The remaining part of the lunar disc will be lit by earthshine; the name astronomers give to sunlight which has reflected off both Earth and moon before reaching your eyes.
With the moon and Jupiter being relatively low in the sky, photographers across our region should be able to capture some lovely pictures.
The moon and Jupiter are in the constellation of Sagittarius. At the time our chart is drawn, our closest celestial neighbour is just over 390,000km from us. Jupiter is considerably more distant; it is more than 800 million km from Earth.
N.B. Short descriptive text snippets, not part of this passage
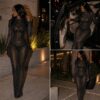 Eclipse sheer gown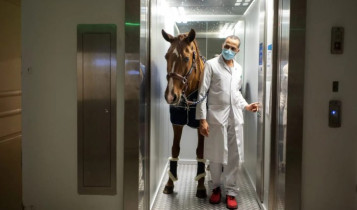 Dr. Peyo: o cavalo que trocou as arenas para confortar pacientes terminais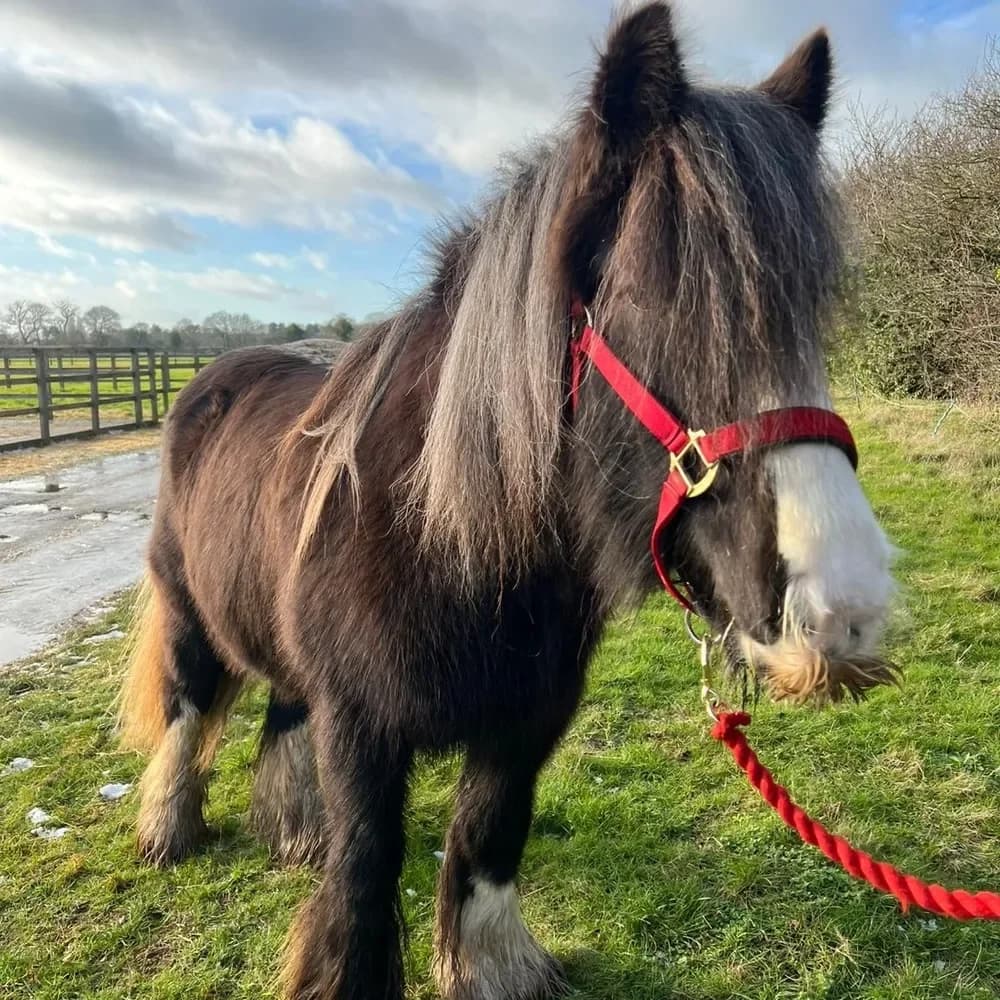 Carmella, female senior mixed breed for adoption at Redwings Horse Sanctuary, Hapton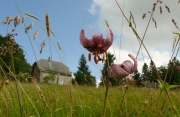 fleursvosges038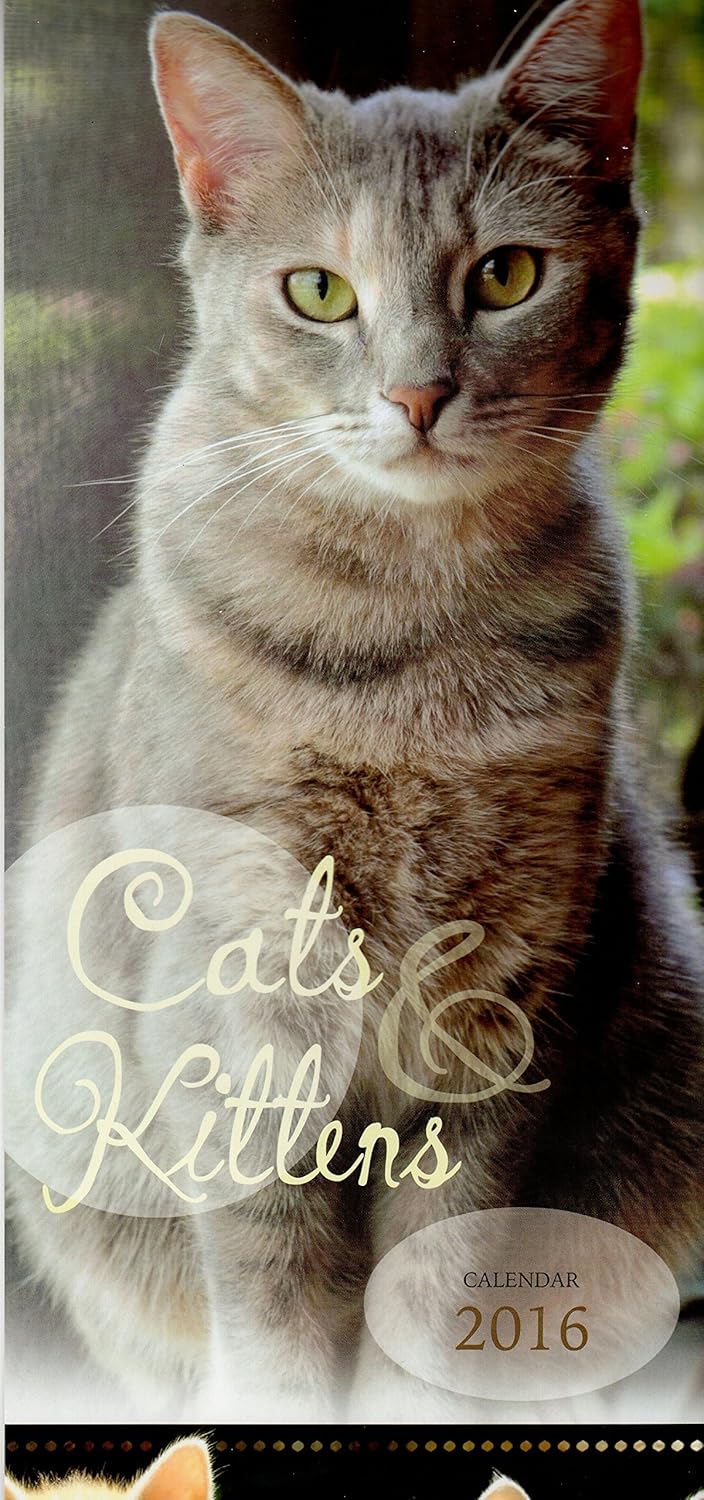 2016 mignon chats Chatons Hauteur slim Calendrier mural avec stylo sans Animaux de cadeau de Noël 2016 mignon chats Chatons Hauteur slim Calendrier mural avec stylo sans Animaux de cadeau de Noël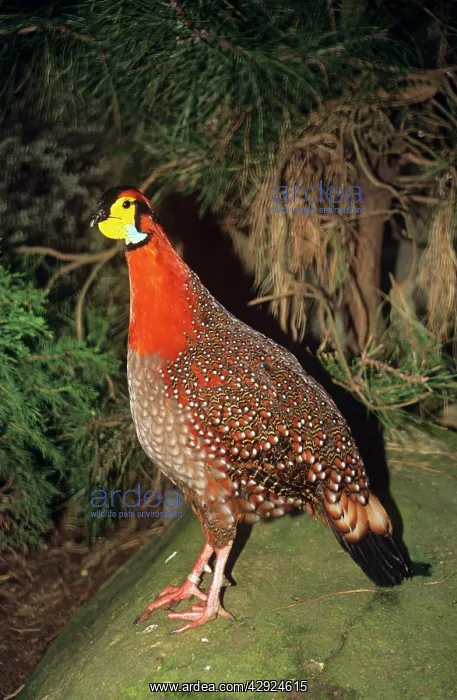 : Blyth's Tragopan - male : Blyth's Tragopan - male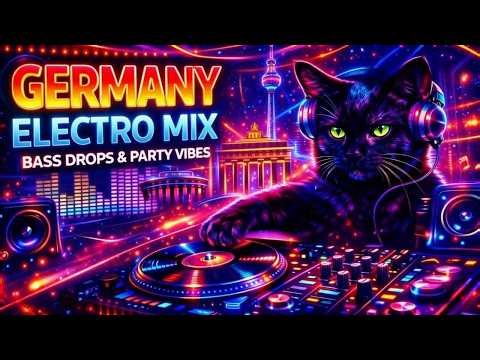 BREMENBASS ➡️ Schwraze Kater 💣 TOP 1 DEUTSCHER BANGER HiT 2026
While this conjunction can be enjoyed with the naked eye, a pair of binoculars, or, better still, a telescope will definitely enhance the experience. For example, if you scan the moon's northwestern quarter, the bright crater Aristarchus will be close to the line between lunar day and night (astronomers call this line the terminator).
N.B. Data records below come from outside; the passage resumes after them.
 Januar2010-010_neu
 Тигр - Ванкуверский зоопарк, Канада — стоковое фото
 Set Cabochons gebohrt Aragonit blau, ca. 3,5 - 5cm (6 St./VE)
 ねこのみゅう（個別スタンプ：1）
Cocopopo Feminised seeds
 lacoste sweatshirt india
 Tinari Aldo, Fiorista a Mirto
If you turn your telescope towards Jupiter, all four major moons will be easy to see, with two on each side of the planet. If you look carefully, you should also be able to pick out Jupiter's great red spot. This enormous 400-year-old anticyclonic storm transits the centre of the planet's disc at 5.26am.
Jupiter and the moon aren't the only solar-system objects on view in Sagittarius. As the chart shows, both Mars and Saturn are also moving through the constellation at the moment. The red planet can be found to the left of the teapot, while yellow-coloured Saturn is lower in the sky.